• **DIRECTIONS FOR THIS TASK**
When you restate the data, keep every word as it is and drop the images.

• **THE DATA**
• • • • •

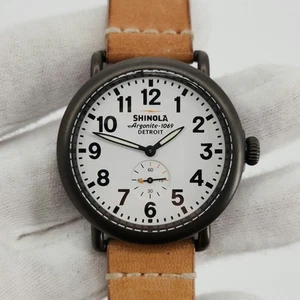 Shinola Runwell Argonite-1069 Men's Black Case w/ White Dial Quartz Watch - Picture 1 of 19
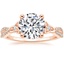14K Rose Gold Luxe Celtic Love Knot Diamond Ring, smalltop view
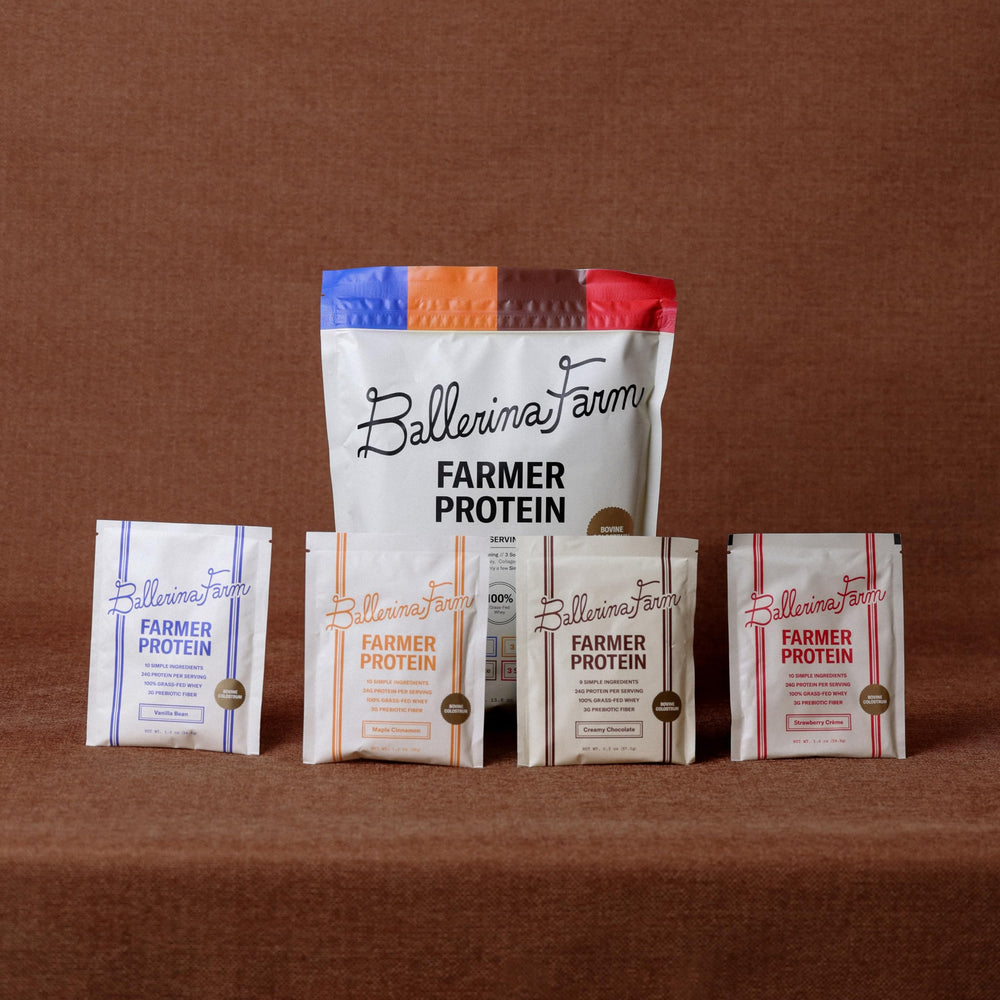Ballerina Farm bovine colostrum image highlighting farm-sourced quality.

• • • • •

• **ANSWER**
 Shinola Runwell Argonite-1069 Men's Black Case w/ White Dial Quartz Watch - Picture 1 of 19
14K Rose Gold Luxe Celtic Love Knot Diamond Ring, smalltop view
Ballerina Farm bovine colostrum image highlighting farm-sourced quality.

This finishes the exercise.